Encilho e aperto a cincha não muito, que a volta é curta... Meu baio sabe da lida mais da metade que sei foi no lombo desse pingo, que gaúcho me criei !

O coração num galope quase me sai pela boca recorre antes de mim a uma invernada distante sabe estender o olhar num atropelo de ida conhece pouco da lida, mas de mim sabe bastante...

Na porteira da Divisa, um campo bem lá do fundo que separa os nossos pagos com o outro resto do mundo a vista é de ver de longe, de apeiar e ver melhor. Ficar por tempos cuidando a imensidão estendida e poder pensar no que tem de bom pra nos dar a vida...

Ás vezes o pensamento vai mais longe do que pode volta no tempo e se perde em tanta coisa bonita carreiras, bailes de rancho, domingos de fim de mês quando estendia este baio na estrada de São Martin e me encontrava pra um mate, com a outra parte de mim...

Ás vezes o pensamento vai além do nosso tempo e projeta algum futuro, melhor ou talvez igual, um rancho de alma e morada, previsões de boas vindas: um sorriso, um mate novo, e o mesmo olhar da linda!

Ah ! Pensamento maleva, sem querer busca um sentido que talvez por esquecido tenha ficado na espera pra quando a alma da gente se perder, sem ter razão firmar bem a espora grande no macio do coração.

E como dói um pensamento desmedido...

Daí eu volto aos arreios e um pouco mais pro que vejo: campo, invernada povoada, coisas comuns por aqui... Numa canhada bem perto uma vaca pampa mocha reclama ao vento do sul por ter perdido o terneiro. Mas logo de entre as macegas um pampinha mascarado ainda meio aos tropeços responde por ser chamado.

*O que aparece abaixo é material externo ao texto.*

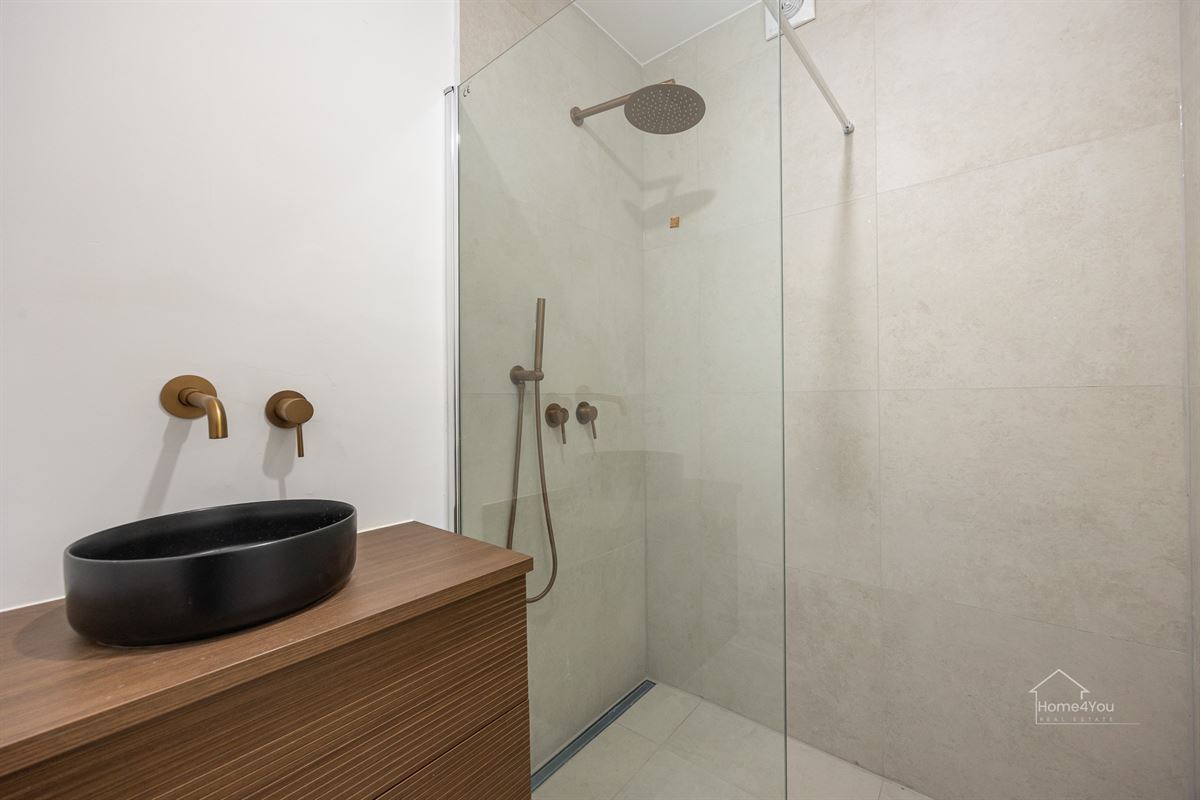 Gerenoveerd 2-slaapkamer appartement met terras in Borsbeek te koop!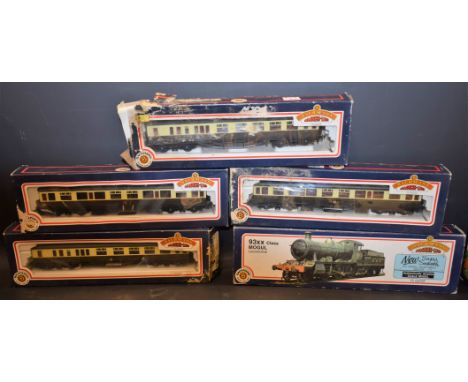 Trains OO Gauge - Bachmann 93xx class 2-6-0 mogul locomotive and tender, Rn 7332; passenger carriages; all boxed (5)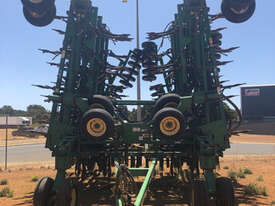 2005 John Deere 1820 Air Drills - picture1' - Click to enlarge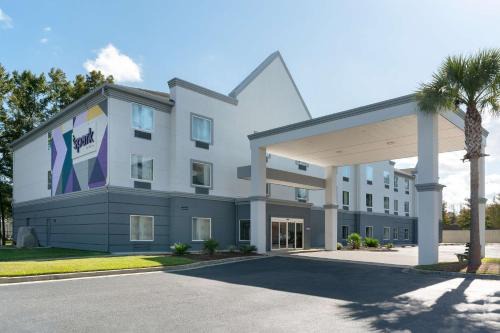 Fleming Hotel | Spark by Hilton Savannah South I-95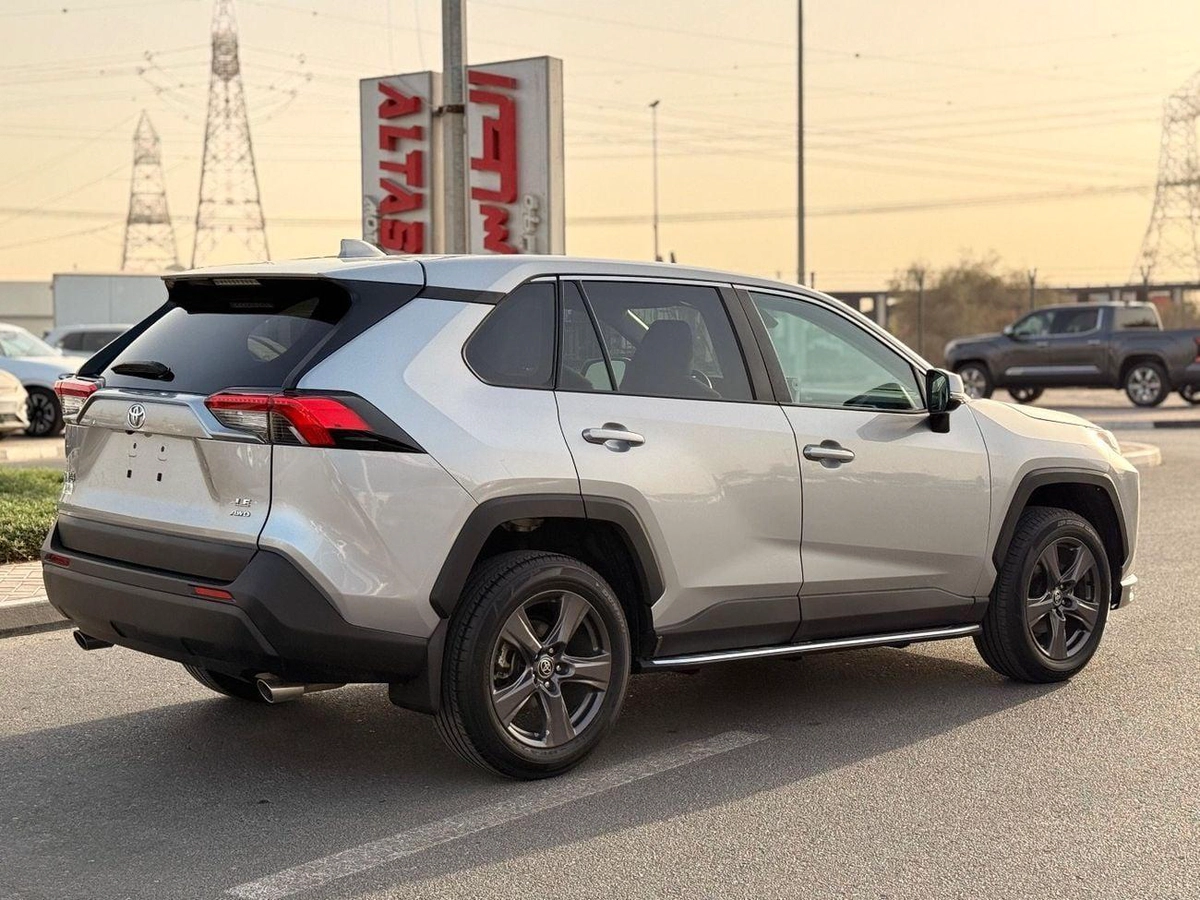 Toyota RAV4 LE Toyota RAV4 2.5 L 2024-3-0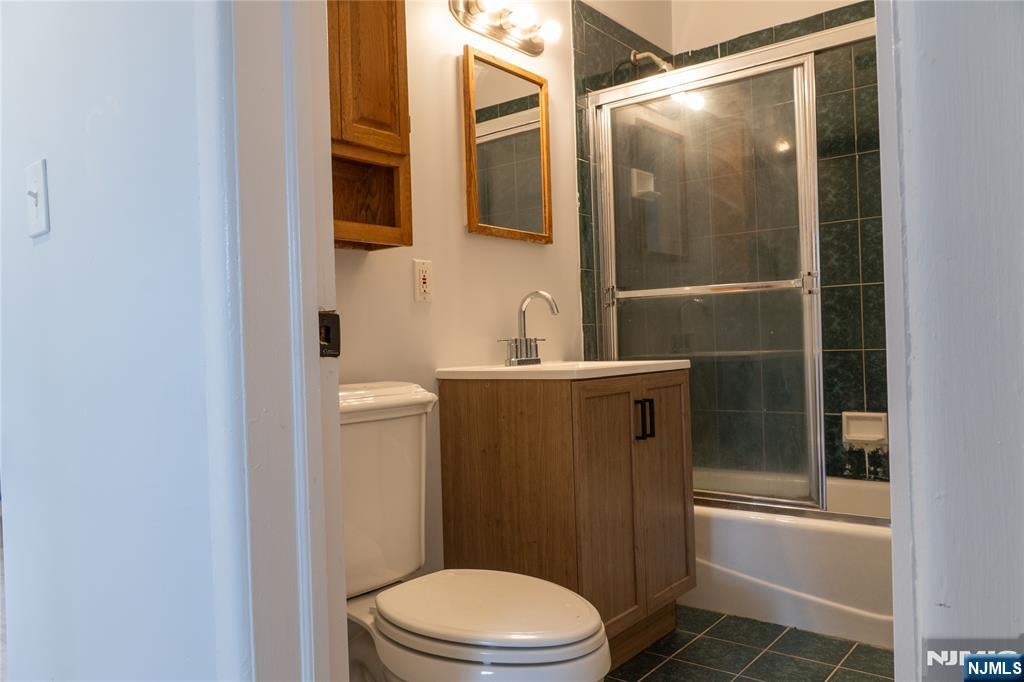 Welcome to 25 Lakeview Drive in Emerson! This beautifully renovated 3- – image 18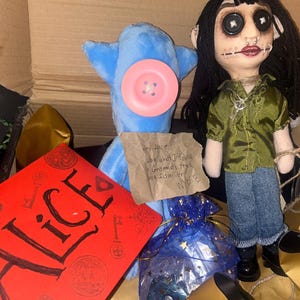 Alice added a photo of their purchase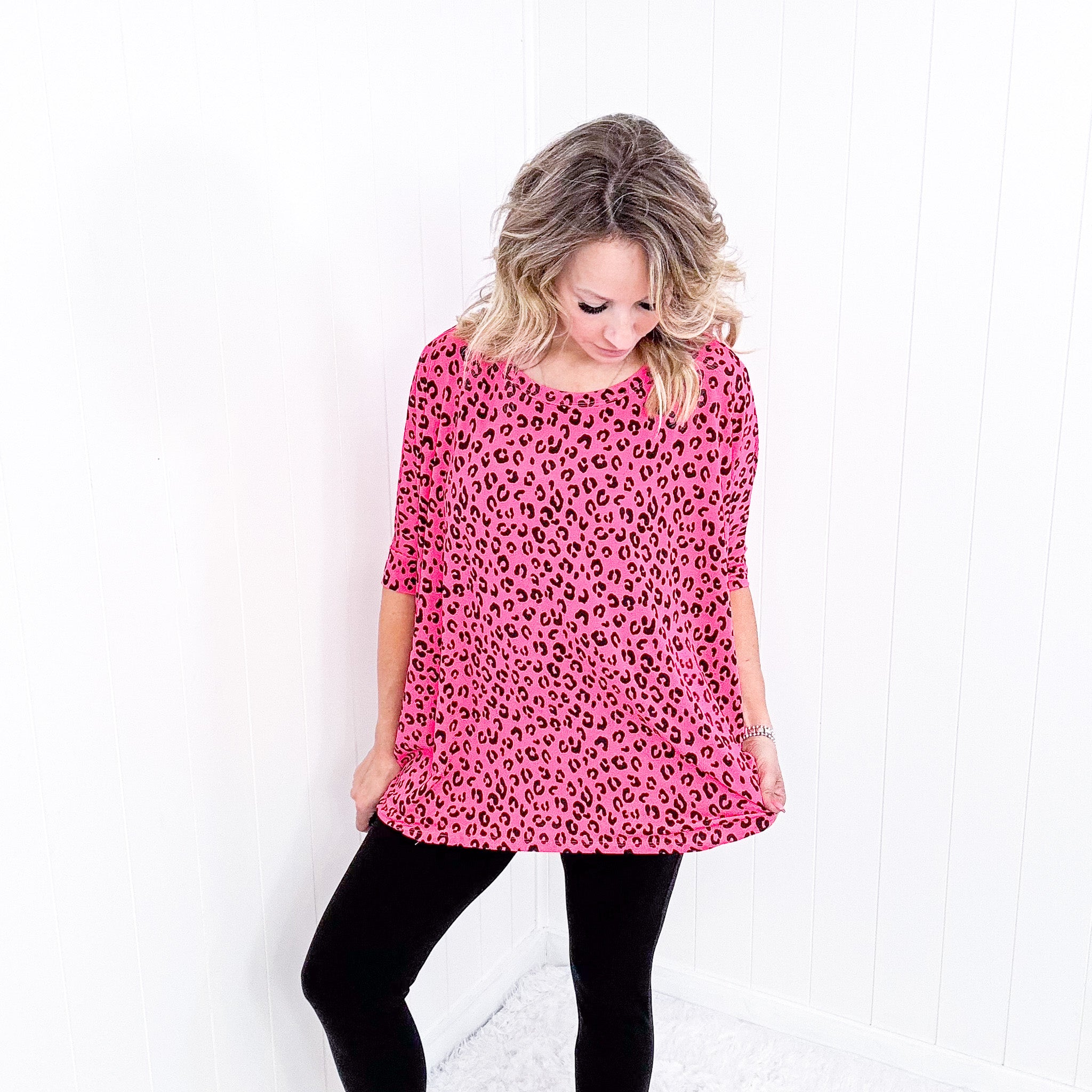 Dear Scarlett Essential Blouse in Hot Pink Leopard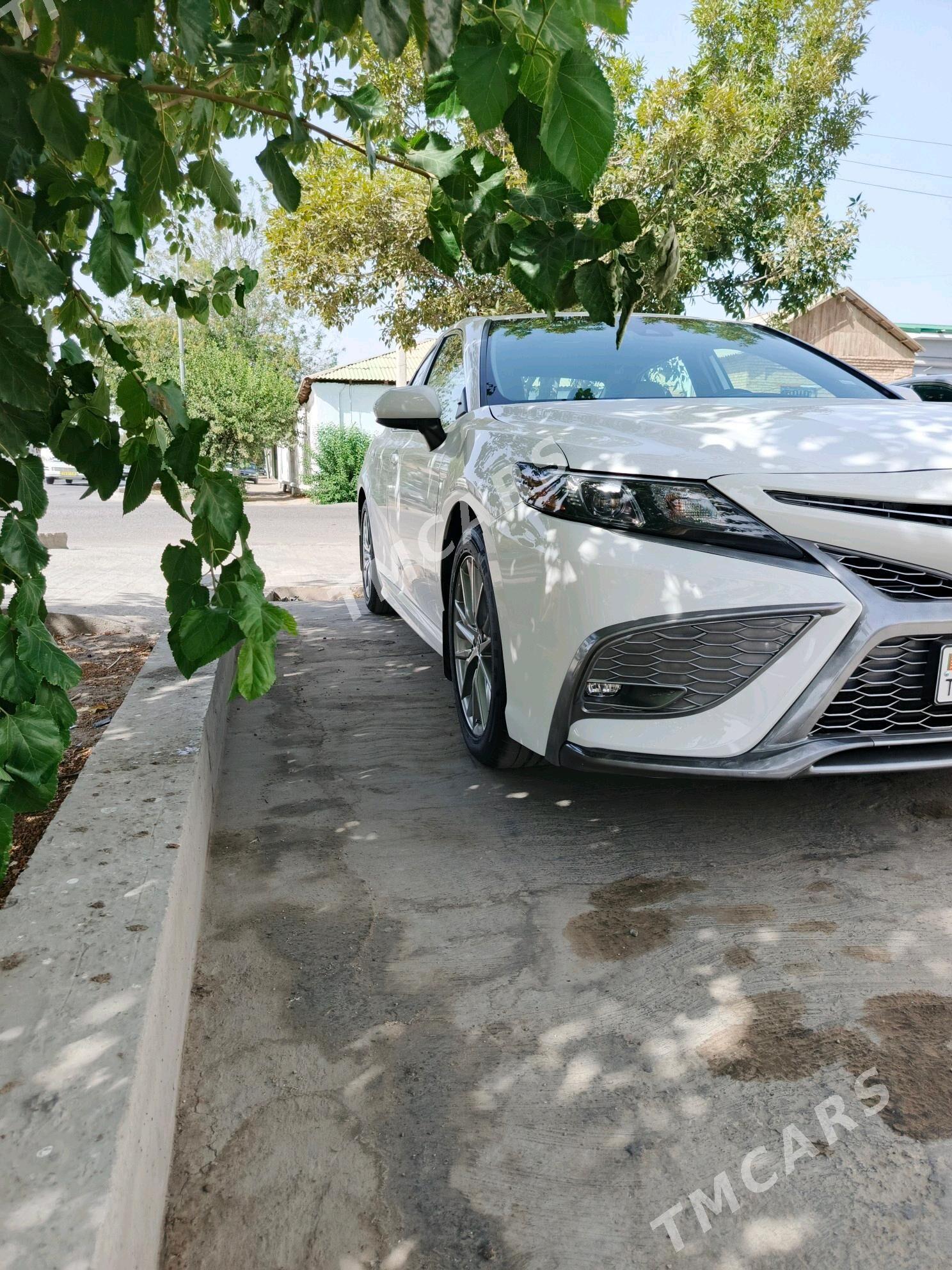 Toyota Camry 2021 - 363 000 TMT - Туркменабат - img 4
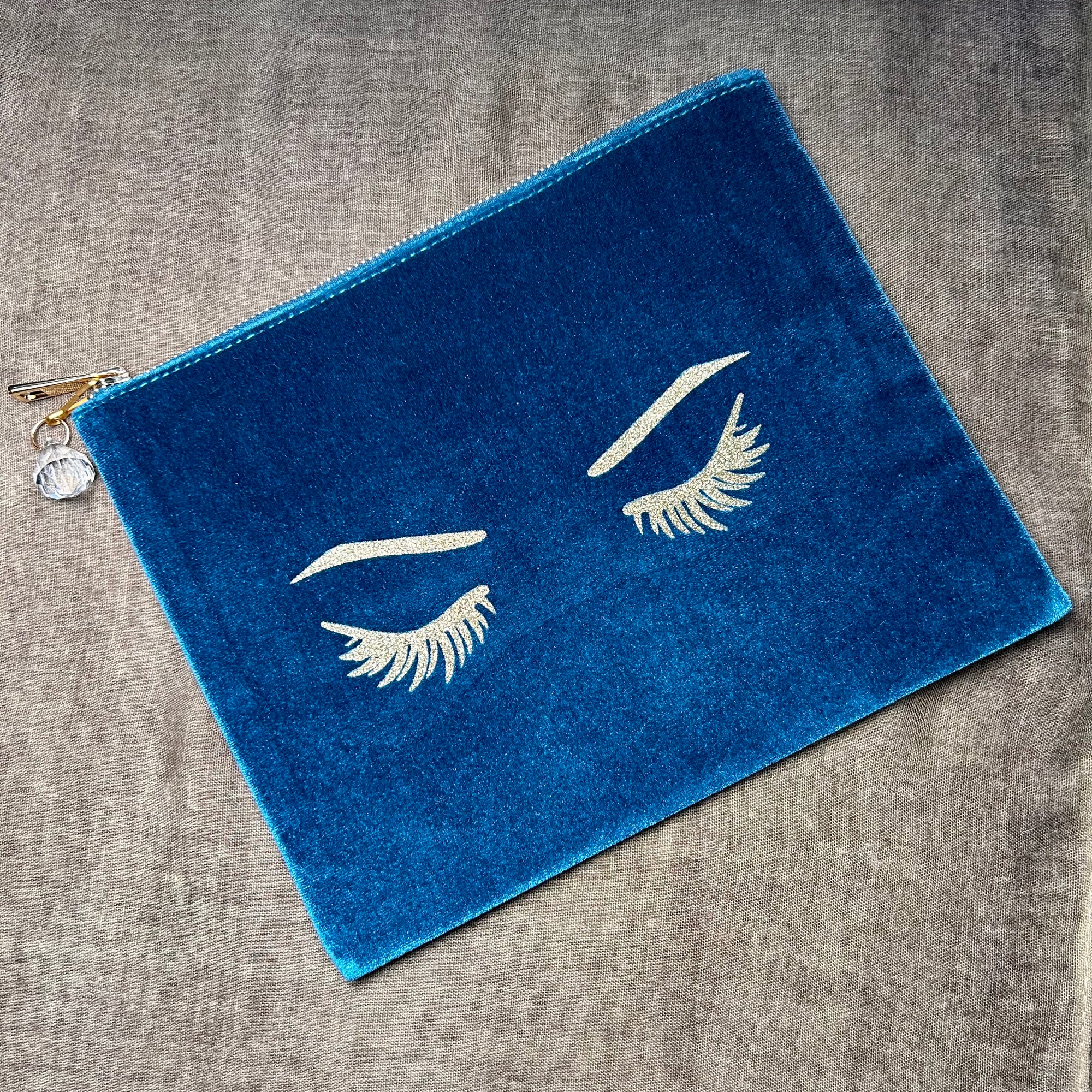 SANDRA velvet makeup bag with gold lashes design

Meu olhar se fixa no horizonte do poente... onde, a cavalhada por conta, se vai num galope de alvoroço são mais ou menos uns trinta, entre mansos e alguns potros disparando uns dos outros ou talvez do próprio vento.

Chegam perto num instante e ficam a olhar pra mim depois no mesmo galope, disparam sem rumo certo. Cena comum dos libertos que não conheceram freio e espalham o gado manso no “parador” do rodeio.

Meu baio segue ao largo cruzando o campo imenso e eu assovio com o vento uma milonga das minhas... cantando um verso que lembro com apenas “quatro linhas” mas que carrega a verdade de tudo o que sinto e penso...

...É coisa de encher os olhos e um gosto de querer bem sentir o vento no rosto e o gosto que a vida tem...

Dou de rédeas! Parece que até as casas, é um tanto de meia légua, as imagens que recorri cruzam como um raio quando por conta deixei do tranco do velho baio E a espora do pensamento, cutuca e me responde quando por ligeira se solta, mostrando que fui “mui” longe, pra quem ia só dar uma volta.